By | December 23, 2015

Limitations of GCTA as a solution to the missing heritability problem

PNAS, Dec 23, 2105

Siddharth Krishna Kumara (a, 1), Marcus W. Feldman (a), David H. Rehkopf (b), and Shripad Tuljapurkara (a)

(a) Department of Biology, Stanford University, Stanford, CA 94305-5020; and (b) School of Medicine, Stanford University, Stanford, CA 94305-5020

Genome-wide association studies (GWASs) seek to understand the relationship between complex phenotype(s) (e.g., height) and up to millions of single-nucleotide polymorphisms (SNPs). Early analyses of GWASs are commonly believed to have “missed” much of the additive genetic variance estimated from correlations between relatives.

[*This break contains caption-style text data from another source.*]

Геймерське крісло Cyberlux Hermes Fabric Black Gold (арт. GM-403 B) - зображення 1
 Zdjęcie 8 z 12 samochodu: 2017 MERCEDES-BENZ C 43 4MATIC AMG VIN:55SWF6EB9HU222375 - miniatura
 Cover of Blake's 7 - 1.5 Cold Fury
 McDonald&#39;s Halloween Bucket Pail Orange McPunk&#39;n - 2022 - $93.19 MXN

A more recent method, genome-wide complex trait analysis (GCTA), obtains much higher estimates of heritability using a model of random SNP effects correlated between genotypically similar individuals. GCTA has now been applied to many phenotypes from schizophrenia to scholastic achievement. However, recent studies question GCTA’s estimates of heritability. Here, we show that GCTA applied to current SNP data cannot produce reliable or stable estimates of heritability. We show first that GCTA depends sensitively on all singular values of a high-dimensional genetic relatedness matrix (GRM). When the assumptions in GCTA are satisfied exactly, we show that the heritability estimates produced by GCTA will be biased and the standard errors will likely be inaccurate. When the population is stratified, we find that GRMs typically have highly skewed singular values, and we prove that the many small singular values cannot be estimated reliably. Hence, GWAS data are necessarily overfit by GCTA which, as a result, produces high estimates of heritability. We also show that GCTA’s heritability estimates are sensitive to the chosen sample and to measurement errors in the phenotype. We illustrate our results using the Framingham dataset. Our analysis suggests that results obtained using GCTA, and the results’ qualitative interpretations, should be interpreted with great caution.